I think the reason sexualities are complex is because brains are complex villages of systems interacting with each other on many different levels. I flirt with other gay guys I have no intention of sleeping with (to revert to the thread's original topic) just for the hell of it, even if we have no sexual chemistry, maybe just to say I like them, or stroke their egos. I flirt with straight guys to annoy and flatter them. Straight & gay guys flirt with me for the same reason, and I'm clear about what they are. I don’t flirt with weak people, male or female, since they might misunderstand. Sex is communicative behavior. You can communicate both who you are and who you are not in sex.

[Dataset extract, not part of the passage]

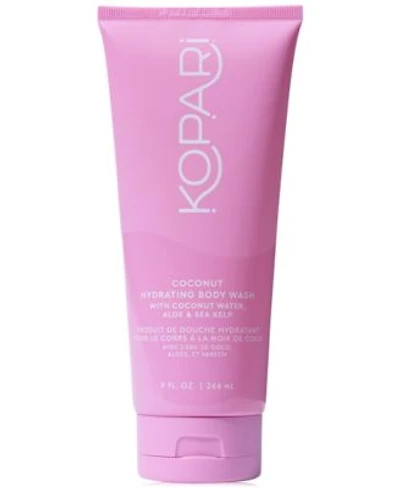 Kopari Beauty Coconut Hydrating Body Wash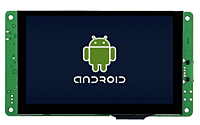 DWIN DMG80480T050_32WTC 5 Inch 800*480 Android Capacitive TouchScreen (Industrial Grade)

I think all the comments made earlier about labels can be tested if you think about your name (as label) and your identity. Your identity is the peak of a bell curve that outlines the reality of your behaviors, history, potential, etc.. There is a fairly large "population" under the tent the bell curve makes, with extremes to the right and left.
People may point to extreme outliers in me and cite them as proof that my overall identity, at the top of the curve, is false. That’s nuts. In fact, I’m the only one who knows the full range and extent of what lies under the curve--not just the range of what I’ve done, what I could do, and what it means--but of who I want to be and where I'm headed. Others might get it right or wrong. I can make it easier for them by being more transparent about myself, and more difficult by being more opaque.
This is what makes the topic difficult I think, and interesting. The bottom line is that when we identify ourselves, that identity might not be in sync with the way others identify us.
I think the bottom line in sexuality is who we want to bond with, and how. We can’t use outliers or random events to prove or disprove anything. A single event can be at the margins, or in the very center and near the top of our identities, just like a single person is in a population distribution can be at the extreme margins or the very center. We typically do not identify ourselves on the basis of one extreme or random event, no matter how much others might want to use that to their own advantage, and to our disadvantage.